[[ The records, beginning ]]

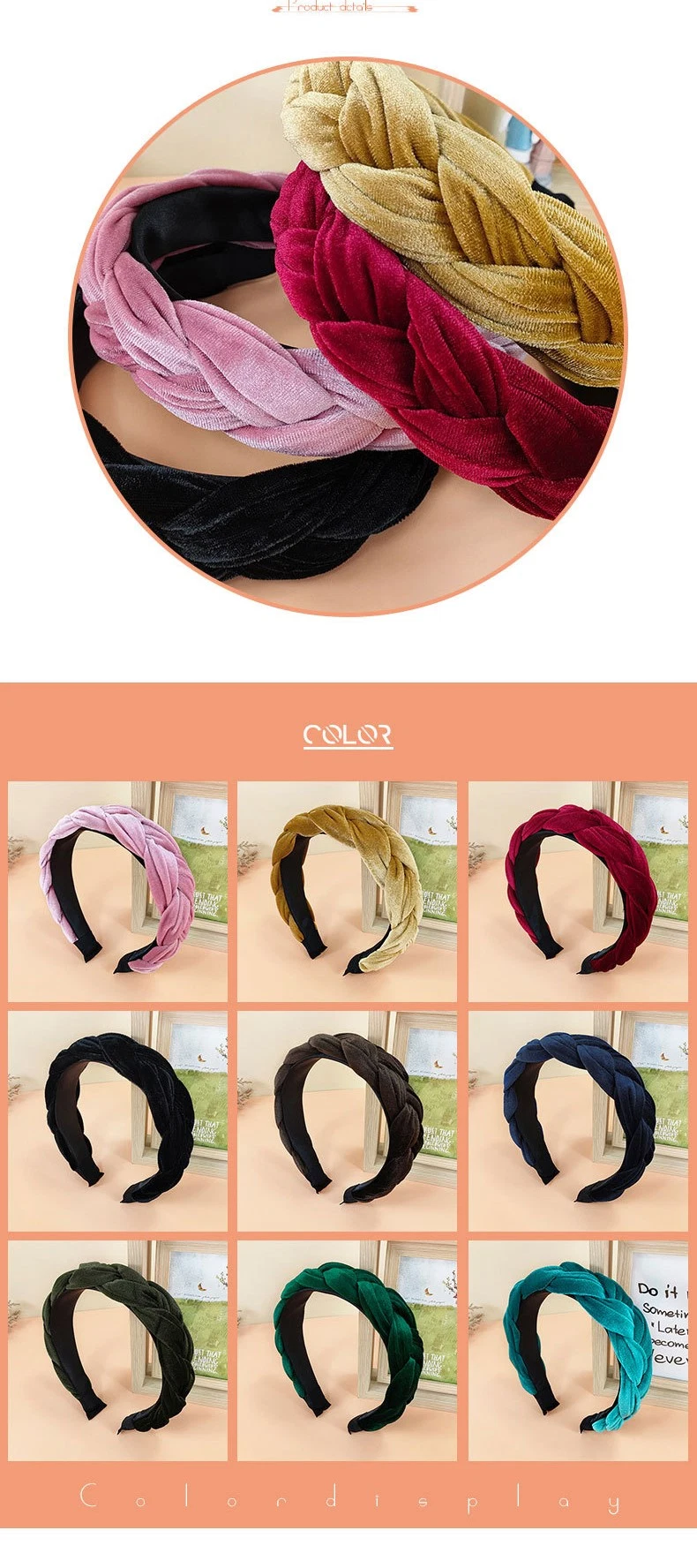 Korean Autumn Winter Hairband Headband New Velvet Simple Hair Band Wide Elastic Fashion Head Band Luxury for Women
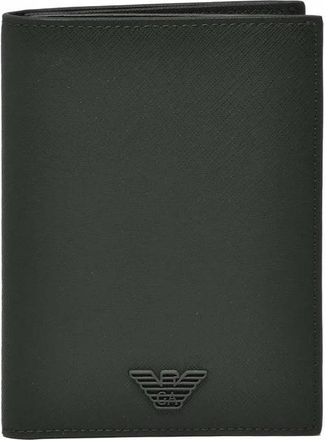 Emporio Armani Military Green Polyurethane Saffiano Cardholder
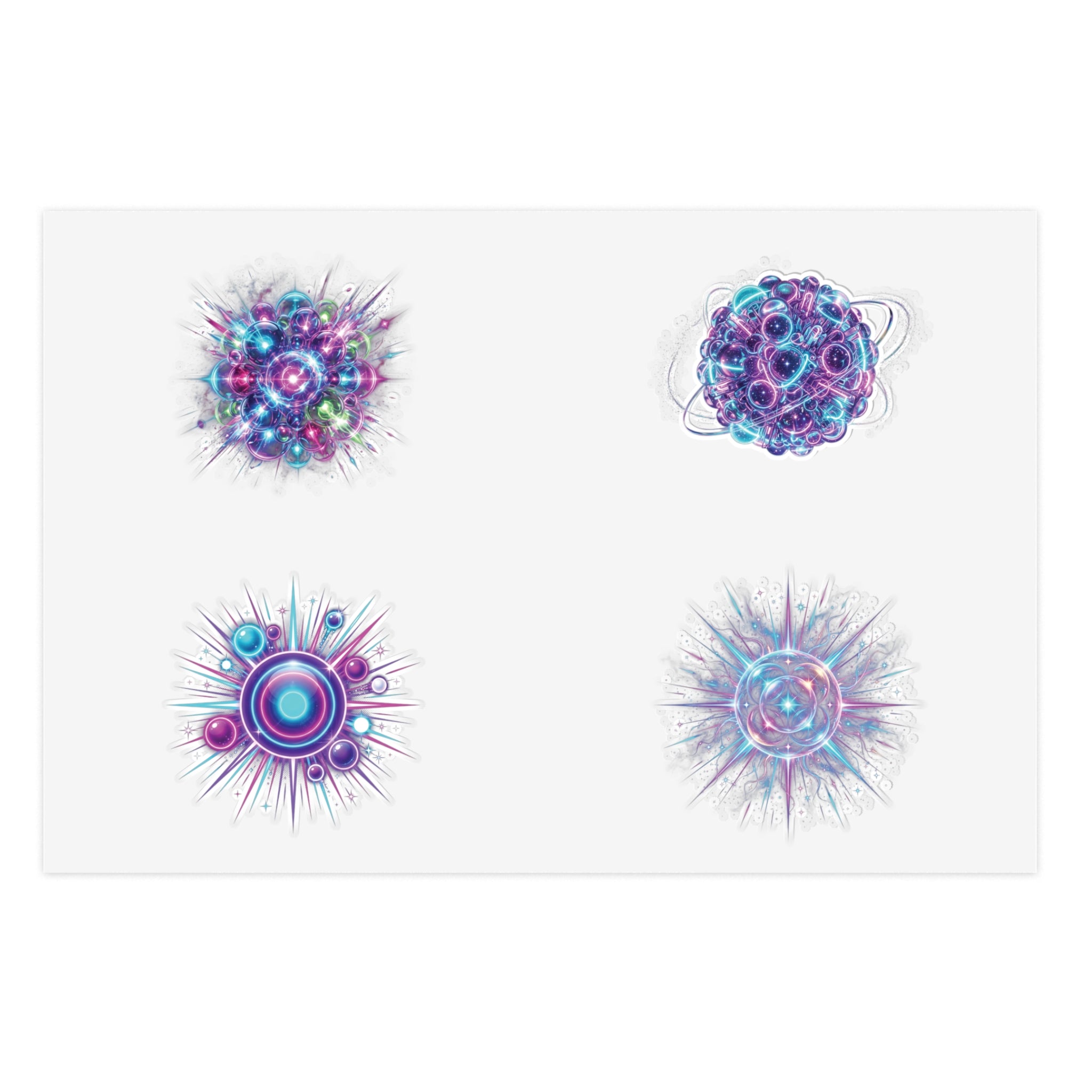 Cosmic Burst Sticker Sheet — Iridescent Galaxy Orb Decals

[[ The records, end ]]
[[ The records, beginning ]]

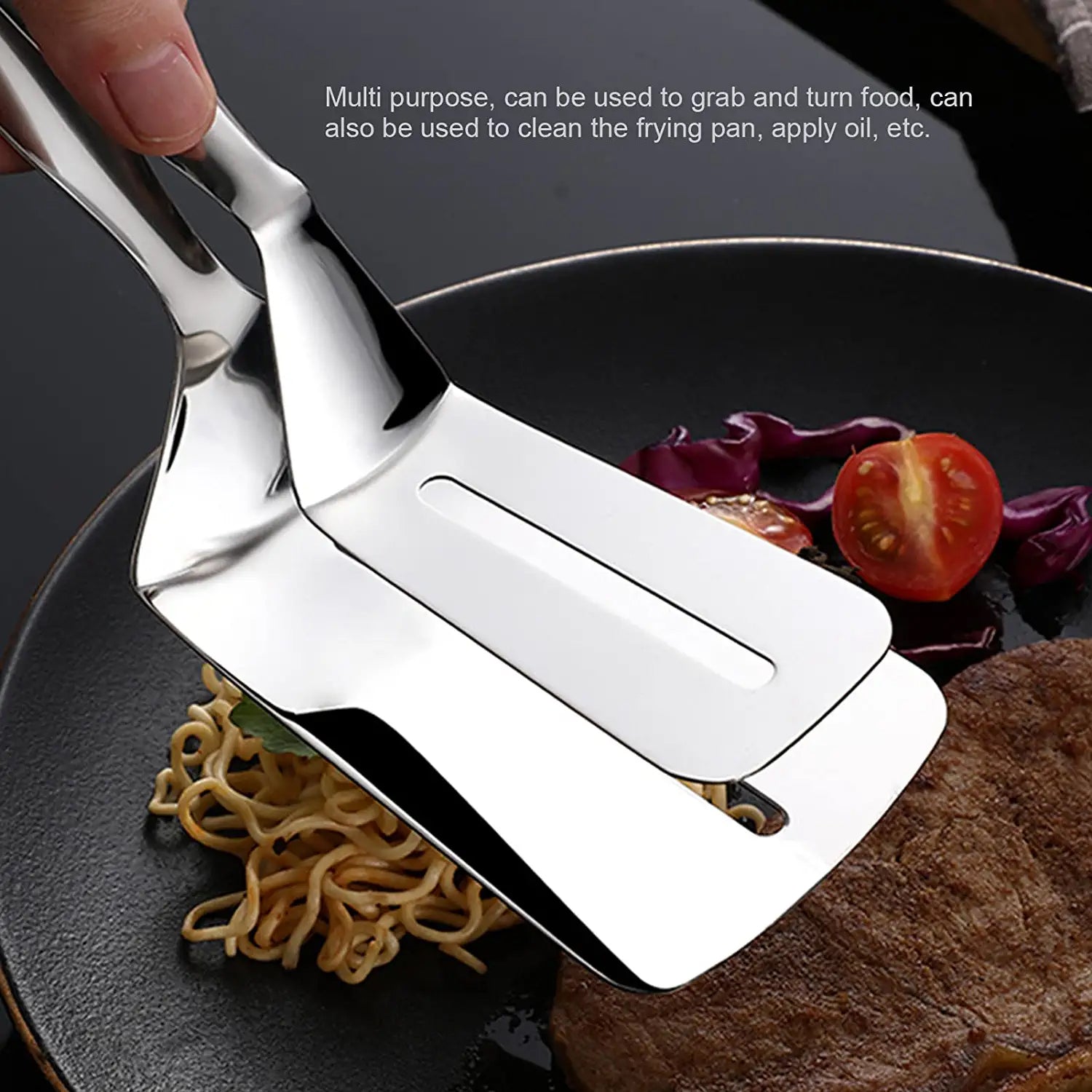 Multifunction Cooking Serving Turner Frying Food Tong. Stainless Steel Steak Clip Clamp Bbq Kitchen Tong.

[[ The records, end ]]
[[ The records, beginning ]]

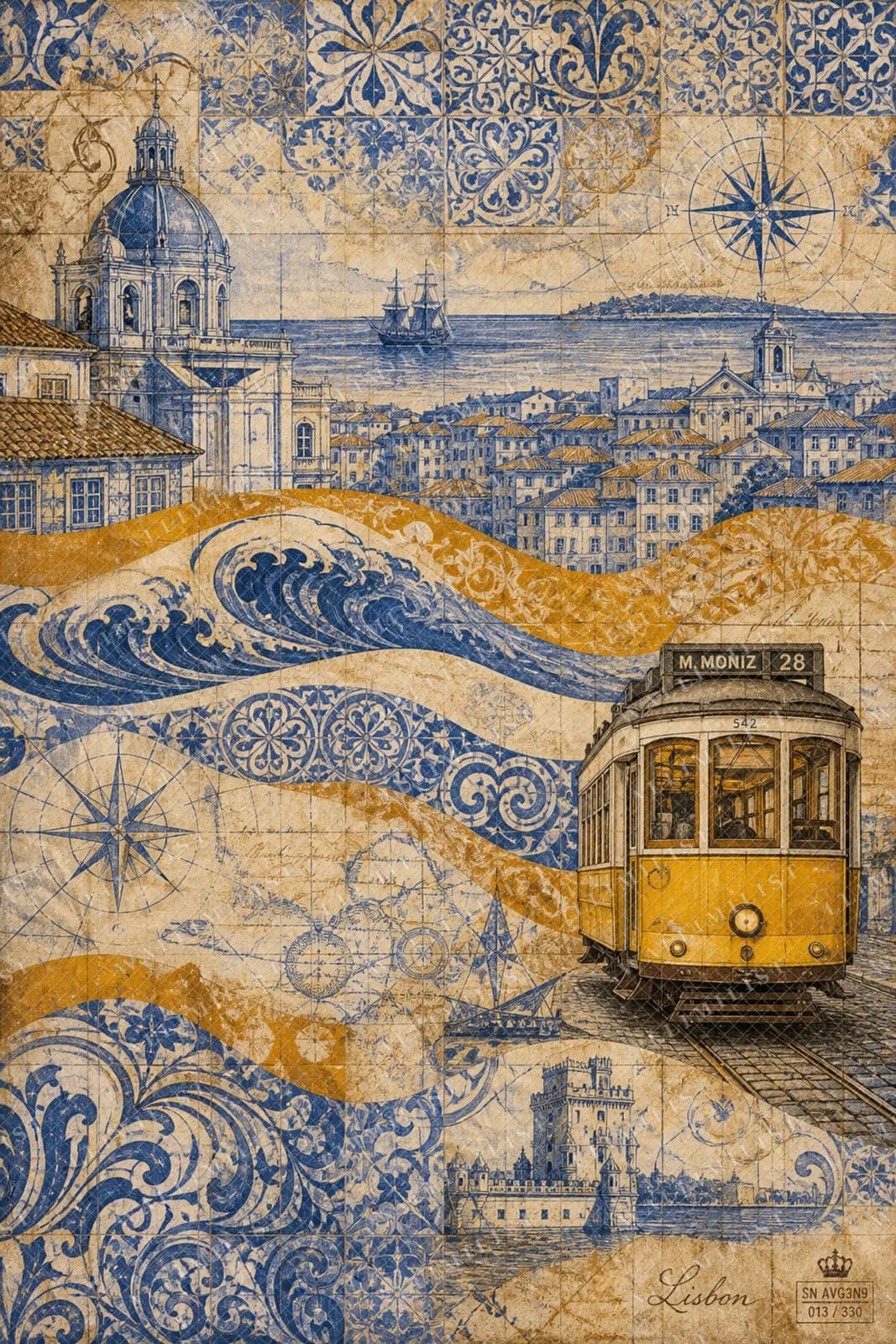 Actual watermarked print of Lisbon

[[ The records, end ]]

(Brief)
In the listing above, find the line with "Korean Autumn Winter" and output it and every line after it up to and including the line with "Cosmic Burst Sticker", exactly, minus the pictures.

(Reply to the task)
 Korean Autumn Winter Hairband Headband New Velvet Simple Hair Band Wide Elastic Fashion Head Band Luxury for Women
 Emporio Armani Military Green Polyurethane Saffiano Cardholder
 Cosmic Burst Sticker Sheet — Iridescent Galaxy Orb Decals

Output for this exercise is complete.